From his experience running the Bay State, Dukakis ``takes the classic approach to economic development,'' Mr. Shapiro says. This sometimes entails government-business partnerships, and in some cases direct government involvement.
The three examples of Dukakis's economic thinking cited most frequently by his advisers are his program to train welfare recipients for jobs, the research and development centers Dukakis established in Massachusetts to help move economic ``laboratory'' ideas to the marketplace, and a project to help mature industries - particularly the textile industry - modernize. To Shapiro, these programs show that ``Dukakis really is a problem solver.''
Reflecting his Boston background, Dukakis's list of advisers is filled with Harvard PhDs. He gets advice from Lawrence Summers, Robert Reich, and Rosabeth Moss Kanter.
Mimicking George Bush, Mr. Summers says, ``Read my lips - no new loopholes.''
Summers also says new taxes would be only a last resort. And if taxes are imposed, Dukakis rules out a consumption tax such as a value-added tax. He derides Mr. Bush's proposal to reduce the capital-gains tax as a giveaway for the rich.
Instead, Dukakis plans to lower the deficit by, in part, stepping up tax-collection efforts.
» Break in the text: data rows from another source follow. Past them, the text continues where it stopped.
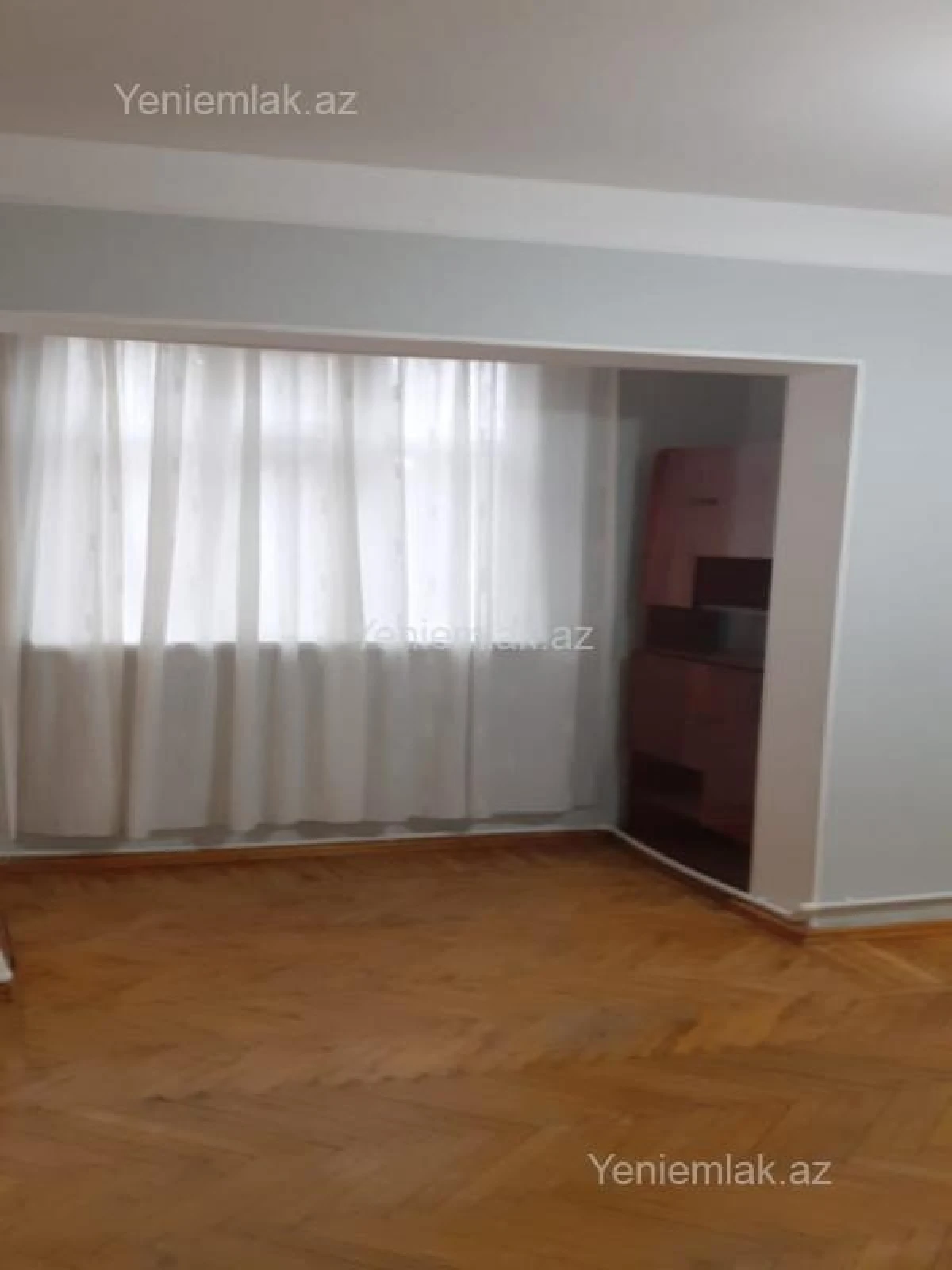 Satılır 1 otaqlı köhnə tikili 50 m²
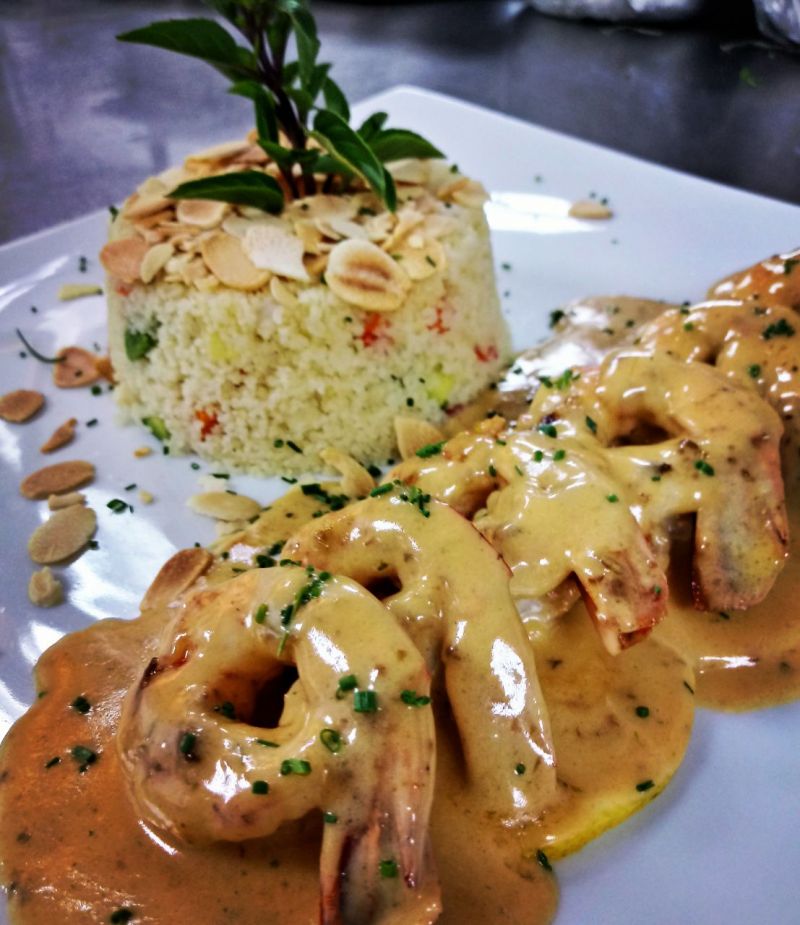 Arquivo pessoal/Divulgação. Camarões premium com lâminas de limão siciliano, cuscuz marroquino de legumes e lascas de amêndoas crocantes do restaurante Noah.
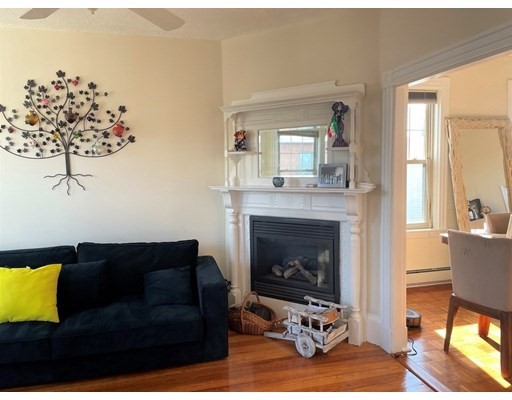 157 N St, South Boston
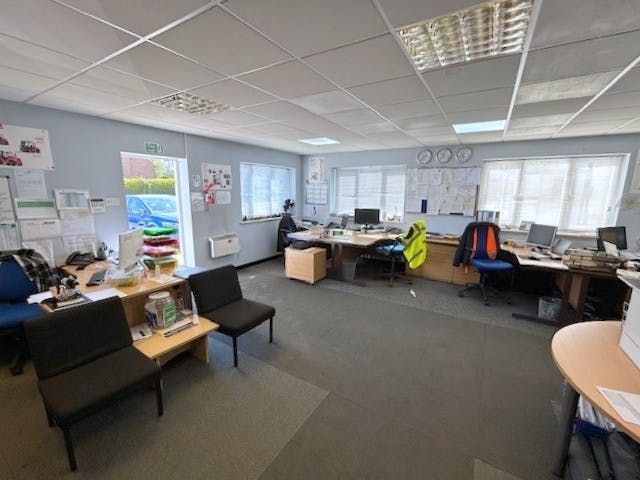 Property photo 1 of 5 Office ii.Jpg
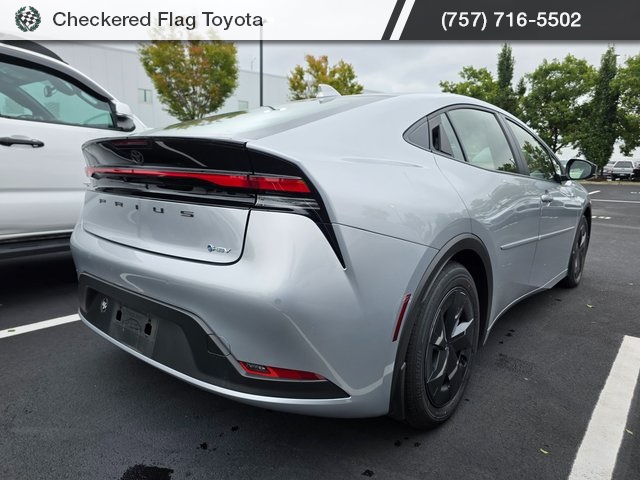 2024 Toyota Prius LE photo 6
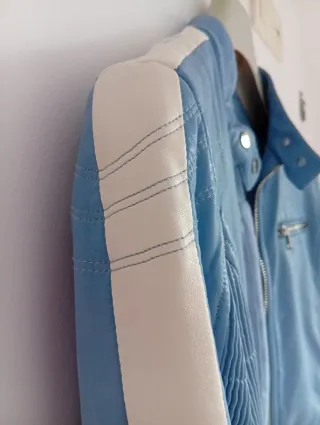 Cazadora motera mujer azul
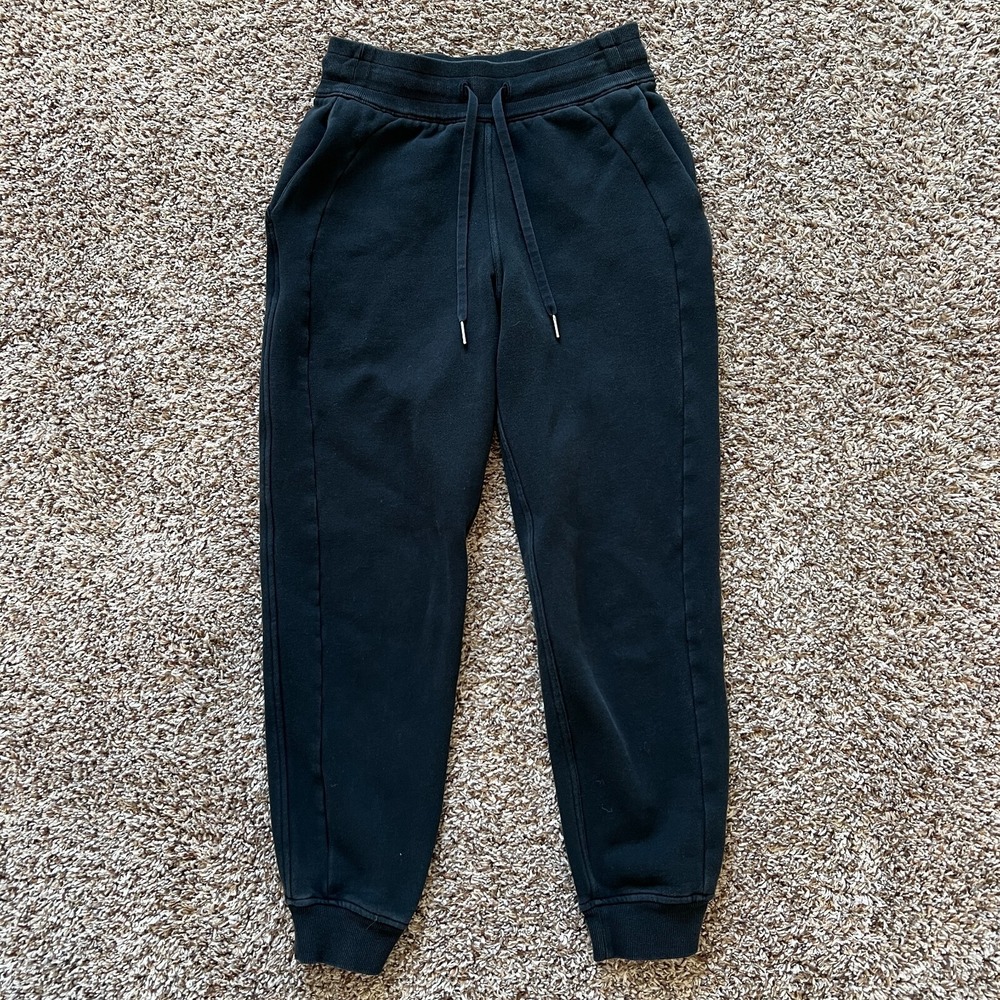 Lululemon Women's Size 4 Scuba Mid Rise Oversized Jogger in Black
Although many experts disagree with him, Dukakis believes that stiffer enforcement by the Internal Revenue Service would bring in a significant portion of $110 billion in taxes owed the government but not collected each year. The tougher IRS enforcement originates from his experience in Massachusetts, where a crackdown, followed by a tax amnesty, netted the state billions in revenues.
Like Bush, Dukakis would try to bring the budget deficit down gradually. Some of his proposed cuts would come in the defense area, particularly by elimination of much of the funding for the Strategic Defense Initiative. Other cuts would come in health care and welfare.
Dukakis would form a ``Fund to Rebuild America,'' combining federal grants and private money. Initially capitalized with $500 million, it would be targeted to needy areas.
The governor calls social security a ``sacred contract,'' and indicates he would never make cuts in it. Although Dukakis has yet to announce a position on whether he would remove the social security fund in calculating the budget deficit, Summers says such a move should be done in a gradual manner.
Dukakis disagrees with his running mate, Texas Sen. Lloyd Bentsen, in opposing an oil-import fee. Such a fee would amount to ``a drain-America-first policy,'' Summers says. But Dukakis would use US production to fill the Strategic Petroleum Reserve.